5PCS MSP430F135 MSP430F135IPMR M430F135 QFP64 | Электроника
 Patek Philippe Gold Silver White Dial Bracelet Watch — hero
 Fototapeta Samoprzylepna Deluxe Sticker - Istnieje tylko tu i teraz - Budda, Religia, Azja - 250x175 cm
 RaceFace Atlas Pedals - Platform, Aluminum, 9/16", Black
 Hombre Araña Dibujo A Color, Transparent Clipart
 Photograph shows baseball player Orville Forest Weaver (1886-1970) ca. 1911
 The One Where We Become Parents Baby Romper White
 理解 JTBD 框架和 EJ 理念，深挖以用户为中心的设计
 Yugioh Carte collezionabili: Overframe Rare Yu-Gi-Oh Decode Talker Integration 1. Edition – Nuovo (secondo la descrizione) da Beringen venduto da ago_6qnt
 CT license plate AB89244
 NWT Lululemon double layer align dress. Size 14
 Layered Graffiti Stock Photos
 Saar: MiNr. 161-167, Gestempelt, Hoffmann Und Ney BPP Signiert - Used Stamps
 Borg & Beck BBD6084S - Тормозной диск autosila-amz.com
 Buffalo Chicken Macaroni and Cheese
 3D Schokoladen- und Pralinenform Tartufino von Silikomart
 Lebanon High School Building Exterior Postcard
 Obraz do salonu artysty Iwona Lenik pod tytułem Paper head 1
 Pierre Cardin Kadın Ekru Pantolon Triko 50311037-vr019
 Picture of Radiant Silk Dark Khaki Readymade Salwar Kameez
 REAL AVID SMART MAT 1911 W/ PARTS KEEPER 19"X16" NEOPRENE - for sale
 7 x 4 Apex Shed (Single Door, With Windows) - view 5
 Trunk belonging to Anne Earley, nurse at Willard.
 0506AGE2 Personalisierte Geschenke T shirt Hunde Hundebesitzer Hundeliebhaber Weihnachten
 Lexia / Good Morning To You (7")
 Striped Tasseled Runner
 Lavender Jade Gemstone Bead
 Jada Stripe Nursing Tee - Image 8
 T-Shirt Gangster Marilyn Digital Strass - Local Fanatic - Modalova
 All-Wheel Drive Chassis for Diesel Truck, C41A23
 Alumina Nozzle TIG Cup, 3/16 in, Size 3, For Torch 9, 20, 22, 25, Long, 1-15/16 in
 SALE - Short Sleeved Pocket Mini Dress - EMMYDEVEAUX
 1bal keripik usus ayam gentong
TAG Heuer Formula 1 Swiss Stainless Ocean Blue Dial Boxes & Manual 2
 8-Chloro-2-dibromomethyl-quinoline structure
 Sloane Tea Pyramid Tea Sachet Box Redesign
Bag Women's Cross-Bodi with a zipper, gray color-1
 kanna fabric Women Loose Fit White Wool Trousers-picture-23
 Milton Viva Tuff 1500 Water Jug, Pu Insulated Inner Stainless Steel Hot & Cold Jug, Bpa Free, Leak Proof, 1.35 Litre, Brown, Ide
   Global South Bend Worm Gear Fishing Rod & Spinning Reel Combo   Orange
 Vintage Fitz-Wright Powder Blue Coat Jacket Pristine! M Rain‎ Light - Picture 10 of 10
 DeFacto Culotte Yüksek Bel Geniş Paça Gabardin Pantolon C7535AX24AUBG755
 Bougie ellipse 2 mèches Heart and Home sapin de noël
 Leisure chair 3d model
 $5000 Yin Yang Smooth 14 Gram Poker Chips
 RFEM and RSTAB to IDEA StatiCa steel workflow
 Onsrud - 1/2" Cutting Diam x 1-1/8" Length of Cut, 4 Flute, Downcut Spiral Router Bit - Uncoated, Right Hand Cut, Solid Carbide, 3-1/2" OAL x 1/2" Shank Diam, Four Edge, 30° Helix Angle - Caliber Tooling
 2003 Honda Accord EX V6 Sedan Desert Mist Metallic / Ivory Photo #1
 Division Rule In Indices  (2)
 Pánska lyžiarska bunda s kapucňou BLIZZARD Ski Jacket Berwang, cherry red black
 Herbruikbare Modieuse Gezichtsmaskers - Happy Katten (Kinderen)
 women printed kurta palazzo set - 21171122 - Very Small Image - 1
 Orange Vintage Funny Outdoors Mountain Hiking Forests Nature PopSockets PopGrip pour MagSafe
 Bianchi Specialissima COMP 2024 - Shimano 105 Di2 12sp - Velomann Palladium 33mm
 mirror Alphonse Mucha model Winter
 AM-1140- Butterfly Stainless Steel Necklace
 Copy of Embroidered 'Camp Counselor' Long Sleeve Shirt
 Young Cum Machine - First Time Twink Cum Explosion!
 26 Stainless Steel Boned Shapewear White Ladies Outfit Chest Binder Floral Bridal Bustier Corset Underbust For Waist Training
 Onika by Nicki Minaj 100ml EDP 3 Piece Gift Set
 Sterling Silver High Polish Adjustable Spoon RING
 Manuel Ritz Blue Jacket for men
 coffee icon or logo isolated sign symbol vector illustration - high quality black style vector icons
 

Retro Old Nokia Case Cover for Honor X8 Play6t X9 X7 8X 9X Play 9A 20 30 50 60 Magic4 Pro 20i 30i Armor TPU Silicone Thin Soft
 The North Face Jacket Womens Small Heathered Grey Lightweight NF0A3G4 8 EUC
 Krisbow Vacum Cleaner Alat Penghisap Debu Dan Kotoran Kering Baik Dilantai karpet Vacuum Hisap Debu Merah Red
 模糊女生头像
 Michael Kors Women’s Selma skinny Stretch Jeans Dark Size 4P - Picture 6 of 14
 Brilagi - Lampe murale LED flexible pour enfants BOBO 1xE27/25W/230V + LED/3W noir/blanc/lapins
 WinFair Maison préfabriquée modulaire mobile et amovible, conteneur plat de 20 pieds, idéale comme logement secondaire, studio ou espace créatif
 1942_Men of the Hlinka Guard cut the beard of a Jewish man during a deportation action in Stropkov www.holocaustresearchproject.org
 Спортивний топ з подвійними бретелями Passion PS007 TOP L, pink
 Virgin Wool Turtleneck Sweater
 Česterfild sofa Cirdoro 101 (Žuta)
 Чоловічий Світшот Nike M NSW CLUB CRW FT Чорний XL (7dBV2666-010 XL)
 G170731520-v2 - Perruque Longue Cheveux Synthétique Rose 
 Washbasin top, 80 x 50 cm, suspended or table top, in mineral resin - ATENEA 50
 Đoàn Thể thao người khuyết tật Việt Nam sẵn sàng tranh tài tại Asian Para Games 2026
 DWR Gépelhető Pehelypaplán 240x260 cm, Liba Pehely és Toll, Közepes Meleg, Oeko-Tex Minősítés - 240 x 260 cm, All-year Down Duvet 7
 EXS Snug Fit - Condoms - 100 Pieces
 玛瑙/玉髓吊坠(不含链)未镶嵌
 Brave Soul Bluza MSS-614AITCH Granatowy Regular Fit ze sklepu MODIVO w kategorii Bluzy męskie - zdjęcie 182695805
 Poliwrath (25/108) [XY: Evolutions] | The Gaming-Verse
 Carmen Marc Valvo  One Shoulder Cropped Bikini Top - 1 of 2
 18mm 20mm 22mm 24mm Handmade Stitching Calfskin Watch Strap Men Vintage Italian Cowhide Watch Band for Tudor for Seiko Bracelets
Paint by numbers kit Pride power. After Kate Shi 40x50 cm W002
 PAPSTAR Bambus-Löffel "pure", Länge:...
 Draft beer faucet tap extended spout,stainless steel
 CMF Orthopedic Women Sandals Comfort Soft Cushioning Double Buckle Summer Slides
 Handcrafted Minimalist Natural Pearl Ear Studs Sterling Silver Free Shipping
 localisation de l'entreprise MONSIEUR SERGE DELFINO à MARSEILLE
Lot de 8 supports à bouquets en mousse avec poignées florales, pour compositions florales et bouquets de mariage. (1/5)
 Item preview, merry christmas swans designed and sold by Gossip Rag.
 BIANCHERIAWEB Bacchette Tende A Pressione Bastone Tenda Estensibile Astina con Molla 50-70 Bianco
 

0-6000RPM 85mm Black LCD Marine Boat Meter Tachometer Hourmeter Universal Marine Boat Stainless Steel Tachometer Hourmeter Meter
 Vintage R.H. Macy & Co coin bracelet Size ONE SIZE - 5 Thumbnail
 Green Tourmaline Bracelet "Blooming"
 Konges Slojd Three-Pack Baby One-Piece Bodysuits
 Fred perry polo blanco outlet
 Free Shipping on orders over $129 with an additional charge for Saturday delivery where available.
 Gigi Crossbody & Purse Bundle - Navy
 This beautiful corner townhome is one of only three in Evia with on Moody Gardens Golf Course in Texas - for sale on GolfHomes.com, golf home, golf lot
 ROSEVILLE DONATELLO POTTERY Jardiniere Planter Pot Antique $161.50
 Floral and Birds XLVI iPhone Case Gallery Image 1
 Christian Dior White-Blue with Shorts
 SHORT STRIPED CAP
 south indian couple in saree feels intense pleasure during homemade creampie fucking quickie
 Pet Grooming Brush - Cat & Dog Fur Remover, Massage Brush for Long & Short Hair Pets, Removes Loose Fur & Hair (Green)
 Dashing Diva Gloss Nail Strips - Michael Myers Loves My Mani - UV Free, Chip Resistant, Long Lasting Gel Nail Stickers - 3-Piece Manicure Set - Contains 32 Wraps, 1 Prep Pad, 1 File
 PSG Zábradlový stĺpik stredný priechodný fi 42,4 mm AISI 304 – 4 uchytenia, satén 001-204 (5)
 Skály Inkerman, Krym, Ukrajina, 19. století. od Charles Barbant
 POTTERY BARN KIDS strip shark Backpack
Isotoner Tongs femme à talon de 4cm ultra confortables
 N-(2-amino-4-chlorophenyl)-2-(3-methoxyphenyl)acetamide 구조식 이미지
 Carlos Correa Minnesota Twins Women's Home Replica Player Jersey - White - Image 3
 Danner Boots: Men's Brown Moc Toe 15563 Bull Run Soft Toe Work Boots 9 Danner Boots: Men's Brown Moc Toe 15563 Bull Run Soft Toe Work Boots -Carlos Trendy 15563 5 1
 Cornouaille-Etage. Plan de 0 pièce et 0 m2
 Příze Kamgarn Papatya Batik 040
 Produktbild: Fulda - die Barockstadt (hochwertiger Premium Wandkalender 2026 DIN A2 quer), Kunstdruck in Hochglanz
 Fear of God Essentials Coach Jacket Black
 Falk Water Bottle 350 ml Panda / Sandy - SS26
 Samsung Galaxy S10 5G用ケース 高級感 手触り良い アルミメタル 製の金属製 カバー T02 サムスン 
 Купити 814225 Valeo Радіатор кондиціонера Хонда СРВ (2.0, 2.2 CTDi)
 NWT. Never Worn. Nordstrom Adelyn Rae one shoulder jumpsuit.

What you should do
Your answer should be the lines above from the one containing "Isotoner Tongs femme" through the one containing "Fear of God Essentials Coach Jacket Black", copied exactly and with both ends kept.

Exercise result
Isotoner Tongs femme à talon de 4cm ultra confortables
 N-(2-amino-4-chlorophenyl)-2-(3-methoxyphenyl)acetamide 구조식 이미지
 Carlos Correa Minnesota Twins Women's Home Replica Player Jersey - White - Image 3
 Danner Boots: Men's Brown Moc Toe 15563 Bull Run Soft Toe Work Boots 9 Danner Boots: Men's Brown Moc Toe 15563 Bull Run Soft Toe Work Boots -Carlos Trendy 15563 5 1
 Cornouaille-Etage. Plan de 0 pièce et 0 m2
 Příze Kamgarn Papatya Batik 040
 Produktbild: Fulda - die Barockstadt (hochwertiger Premium Wandkalender 2026 DIN A2 quer), Kunstdruck in Hochglanz
 Fear of God Essentials Coach Jacket Black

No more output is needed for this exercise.